Anche in questo caso si potrebbe parlare di insegnamento integrato sebbene la seconda fase del progetto, basata su corsi di formazione specificatamente professionali, mi ha permesso di concentrare maggiormente l’attenzione sullo sviluppo delle competenze linguistiche. Per meglio comprendere il lavoro svolto, riporto i titoli e gli argomenti delle lezioni del corso:
- Lavori e mestieri
- Gli annunci di lavoro
- I settori produttivi
- I contratti di lavoro
- La busta paga
- Inail e Inps
- L’Agenzia delle Entrate
- La partita IVA
- Le forme giuridiche
- Il Registro Imprese
- La Camera di Commercio
- Il sindacato
- Il lavoro e la Costituzione
- I codici
Anche in questo caso è necessario sottolineare come, a conclusione di progetto, due microimprese create da beneficiari ed ex beneficiari degli Sprar gestiti dal Comitato Territoriale Arci L’Aquila abbiano avuto accesso a due finanziamenti da 10.000 euro ciascuno per un’azienda apistica e per un’azienda per la coltivazione di grani antichi.
In conclusione, possiamo affermare che l’insegnamento della lingua L2 è senz’ombra di dubbio uno strumento necessario all’inclusione che contemporaneamente necessita di una serie di attività didattiche e di interventi progettuali. In classe bisogna fornire tutti gli elementi necessari per migliorare la competenza comunicativa, concentrandosi sugli aspetti linguistici ma anche su tutti quelli extralinguistici, socio-pragmatici e interculturali. Quando poi ci troviamo in situazioni di marginalità, è ancora più importante l’approccio a una “didattica ecologica, che prenda in considerazione l’allievo come individuo completo”.9 Diviene allora necessaria non solo la riflessione sullo sviluppo delle competenze comunicative, ma anche l’inserimento nell’ottica dei corsi di lingua di progetti di integrazione che impegnino gli apprendenti sul piano culturale e su quello socio-economico. In quest’ottica, il modello Sprar è l’unico in grado di garantire quella rete territoriale, istituzionale ed economica necessaria alla buona riuscita di tali progettazioni.
1 P. Balboni, Le sfide di Babele, Utet, 2015 Torino.
2 G. Freddi, Metodologia e didattica delle lingue straniere, Minerva, Bergamo 1975.

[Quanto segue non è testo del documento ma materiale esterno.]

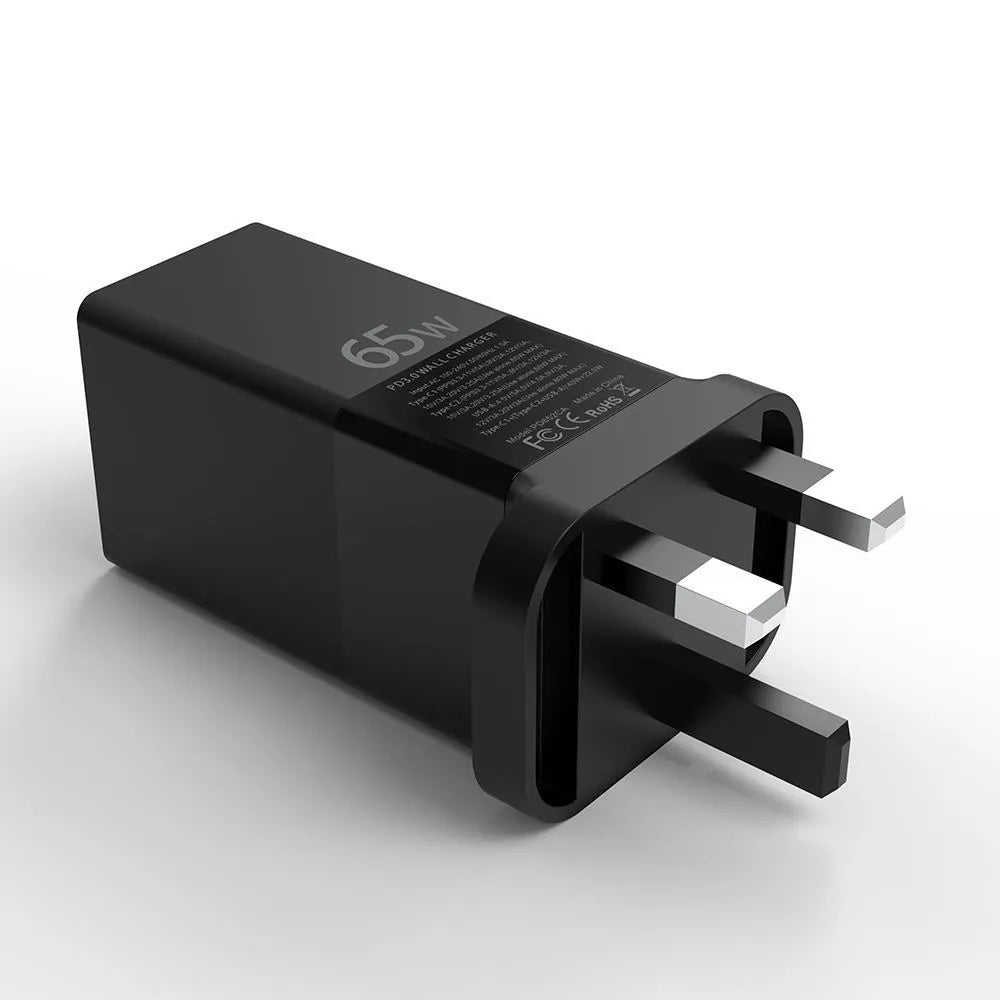 Black 65W USB PD wall charger with two Type-C ports and one USB port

3 P. Balboni, cit. pp. 34-35.
4 Ibidem.
5 Consiglio d’Europa, Quadro Comune Europeo di Riferimento, la Nuova Italia – Oxford, 2002, ma anche https://www.coe.int/en/web/common-european-framework-reference-languages
7 Ibidem.
8 Ibidem.
9 P. Diadori, M. Palermo, D. Troncarelli, Insegnare italiano come seconda lingua, p. 45, Carocci editore, Roma 2015.